- **Task to carry out**
In the listing beneath this line, copy exactly the lines starting with the one containing "The Pro B760P" and going on through the one containing "This is Bhavan, DB16".

- **Task inputs**
───
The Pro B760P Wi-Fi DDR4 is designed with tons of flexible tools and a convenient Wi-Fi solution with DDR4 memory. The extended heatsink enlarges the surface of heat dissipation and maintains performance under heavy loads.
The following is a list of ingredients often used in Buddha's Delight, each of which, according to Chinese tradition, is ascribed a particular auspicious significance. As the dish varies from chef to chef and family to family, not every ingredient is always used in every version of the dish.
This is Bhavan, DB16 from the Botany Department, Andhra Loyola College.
───
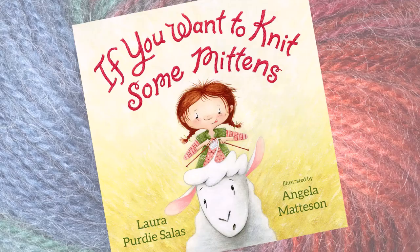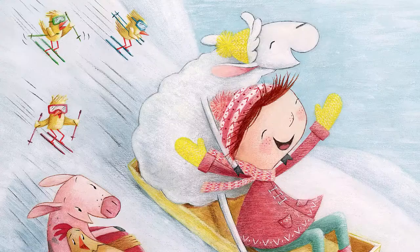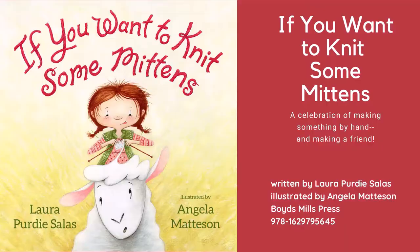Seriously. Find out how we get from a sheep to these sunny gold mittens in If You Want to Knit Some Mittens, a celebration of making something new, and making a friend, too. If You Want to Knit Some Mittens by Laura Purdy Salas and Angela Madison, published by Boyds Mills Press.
───
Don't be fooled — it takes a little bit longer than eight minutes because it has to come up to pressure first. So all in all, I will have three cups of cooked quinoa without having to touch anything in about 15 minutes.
───
- **Exercise answer**
The Pro B760P Wi-Fi DDR4 is designed with tons of flexible tools and a convenient Wi-Fi solution with DDR4 memory. The extended heatsink enlarges the surface of heat dissipation and maintains performance under heavy loads.
The following is a list of ingredients often used in Buddha's Delight, each of which, according to Chinese tradition, is ascribed a particular auspicious significance. As the dish varies from chef to chef and family to family, not every ingredient is always used in every version of the dish.
This is Bhavan, DB16 from the Botany Department, Andhra Loyola College.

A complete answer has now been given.